2. `true`: The new download version uses yt-dlp in conjunction with ffmpeg. This should make downloads much faster,
   rewrites metadata and allows chapter marks to be added to the file.

The second method obviously has some advantages, but it's not called unsafe for no reason. Before the audio file is
served, it must be fully downloaded to write the full header including duration and chapter information. Unfortunately,
Audiobookshelf closes the connection after 30 seconds of inactivity, so the download has to be completed within those 30
seconds. I managed to implement a dirty workaround to trick Audiobookshelf into waiting a little more than 17 minutes.

However, **if you are using the unsafe download method and the download takes more than 17 minutes to complete, the
download will fail.** If you can guarantee the download will never take more than 17 minutes, I would encourage you to
set `UNSAFE_DOWNLOAD_METHOD` to `true`. (With a [download limit](#max_download_rate-string) of one MByte per second, 17
minutes of download time equal slightly more than 17 hours of playback time.)

### `MAX_DOWNLOAD_RATE` (string)

This value is passed to yt-dlp as the value for `-r`. For example, setting this to `2M` will limit the download speed to
two megabytes per second.

This only applies when used with `UNSAFE_DOWNLOAD_METHOD=true`.

## Caveats

**Fetching the feed for a channel / playlist with many videos exceeds the 12-second timeout.** Even if the request
fails, Tubefeed will continue to request the data from YouTube. Wait a minute and try again, then the request can be
served from the cache and you will not receive a timeout. (I have tested this with a channel with about 9,000 videos.)

**The download is very slow (about 30 kByte per second).** YouTube often limits the download speed to twice the bitrate
of the file. Use the unsafe download method to improve download speed.

**I cannot select an audio codec other than m4a or a bitrate other than 128k.** Tubefeed is built around m4a.
[There may be](#future-work) an option to select the bitrate in the future.

**Videos are not available immediately upon release.** Adding videos to the feed will be delayed by
[`RELEASE_DELAY_STATIC`](#release_delay_static-int) and
[`RELEASE_DELAY_DURATION_FACTOR`](#release_delay_duration_factor-float) to give YouTube some additional time to fully
process the video. For livestreams, this delay starts **after** the stream has finished.

**Videos do not appear in the same order as they do on YouTube.** Feed items are sorted by upload time (for livestreams,
the time the stream ended) with the delay added. (Imagine a channel releases a 30-minute video and then a 10-minute
video. If `RELEASE_DELAY_DURATION_FACTOR` equals 1 and the release timestamp is used to sort the feed items, the
10-minute video would appear first, Audiobookshelf would download it and skip the "older" (according to the feed)
30-minute video once it was added 20 minutes later.)

**I want to add a playlist ordered by oldest first.** Podcast-like formats typically use a sort order that shows the
most recent videos first.

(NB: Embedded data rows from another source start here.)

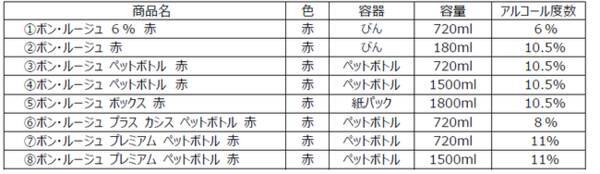 ブランド初のローアルコールワイン ボン ルージュ ６ を新発売 ボン ルージュ シリーズも より本格的な 味わい にリニューアル 2021年7月6日 エキサイトニュース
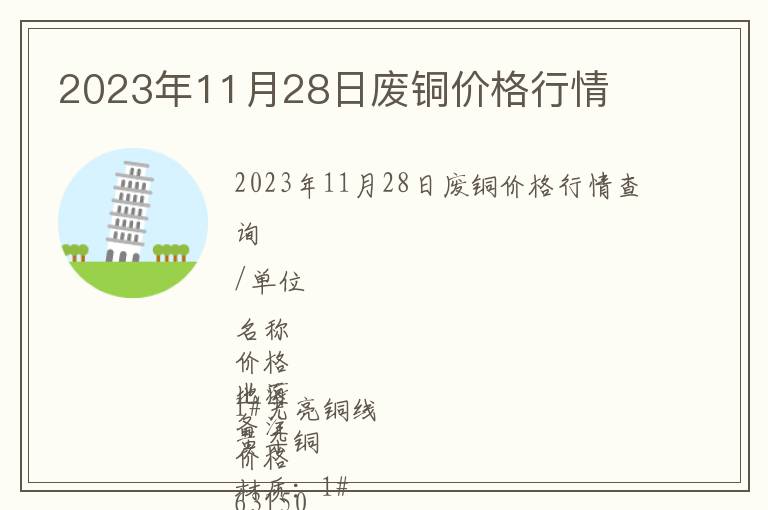 2023年11月28日廢銅價格行情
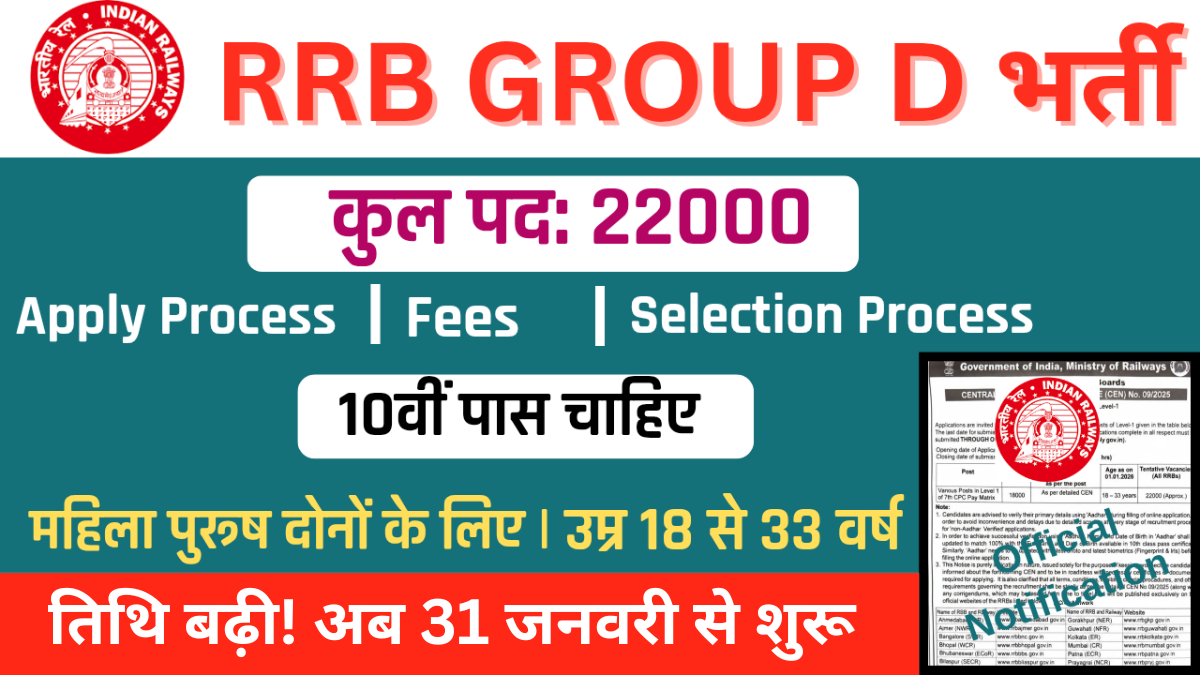 RRB ग्रुप डी भर्ती 2026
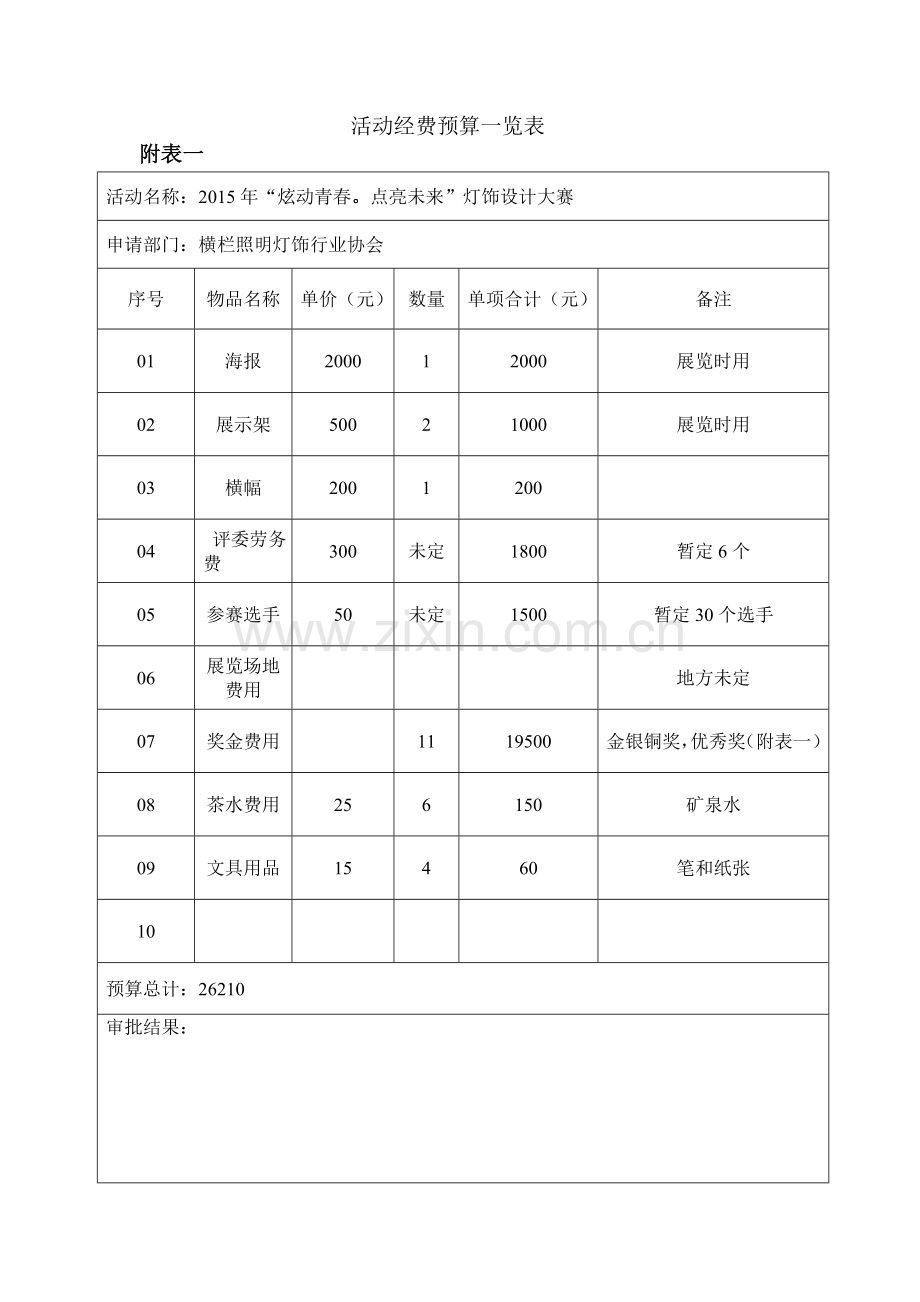 活动经费预算一览表.doc_第1页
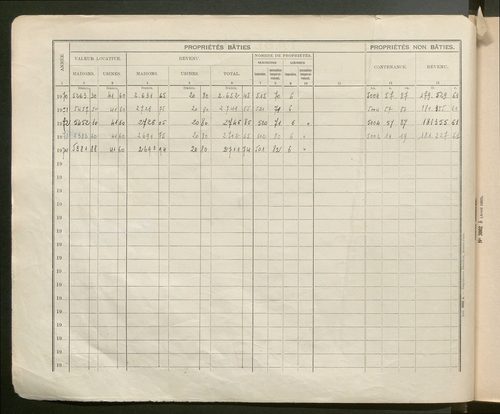 Table des comptes de la matrice. Comptes actifs personnes morales et A - Bo.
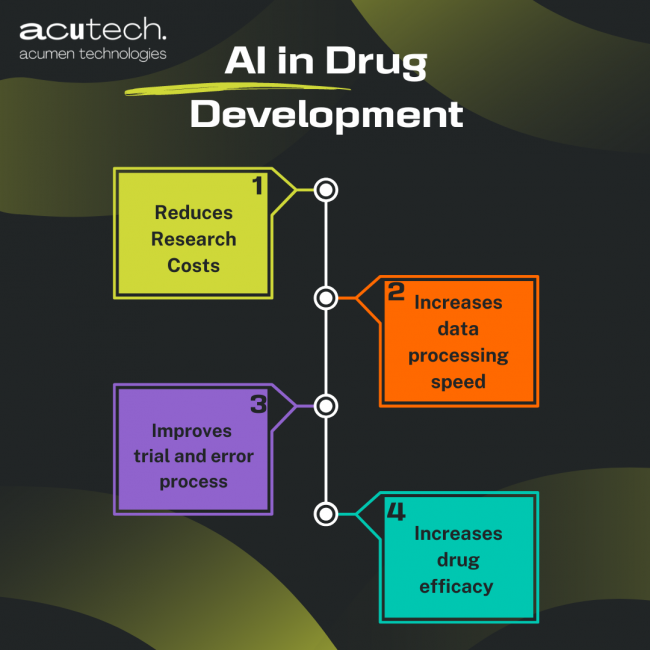 AI in Drug Development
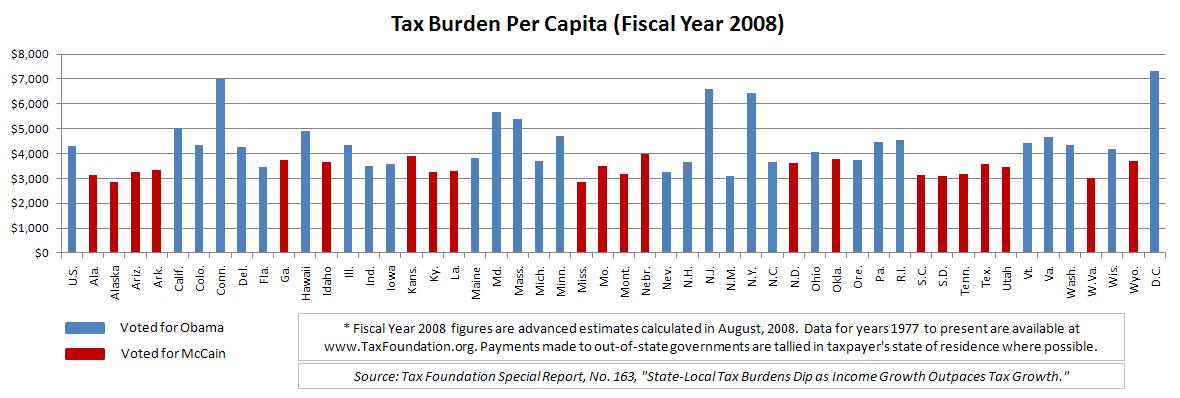 chart_taxburdenpercapita2008.jpg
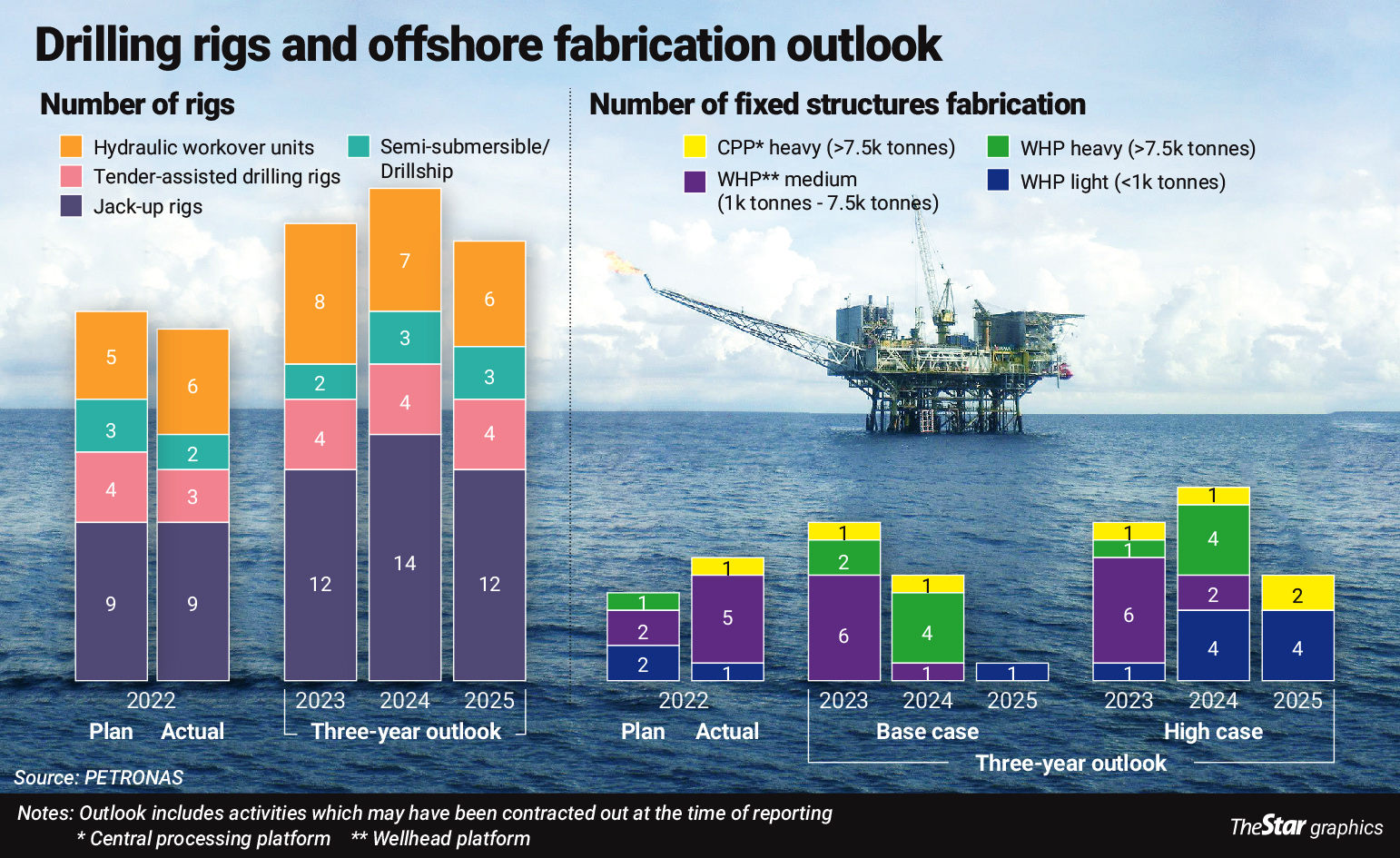 Malaysia’s Oil and Gas Industry Outperforms Indonesia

In fact, I would even call it best practice. If there is a real need for this type of
playlist, [support could be added](#future-work) in the future. However, this will lead to an increased number of
requests to the YouTube API.

## Future Work

In no particular order:

- environment variable to select the default bitrate
- query parameter to select the bitrate
- add more documentation to the code
- support for playlists that are not ordered by newest first
- instructions to run from command line / without docker

## Honorable Mentions

This project depends on:

- [fastapi](https://github.com/fastapi/fastapi) - framework for building APIs
- [aiofiles](https://github.com/Tinche/aiofiles) - library to access files asynchronously
- [aiohttp](https://github.com/aio-libs/aiohttp) - library to send HTTP requests asynchronously
- [aiosqlite](https://github.com/omnilib/aiosqlite) - library to access sqlite databases asynchronously
- [yt-dlp](https://github.com/yt-dlp/yt-dlp) - versatile software / library to download from YouTube

Without the work the authors put into their code, Tubefeed would not be possible.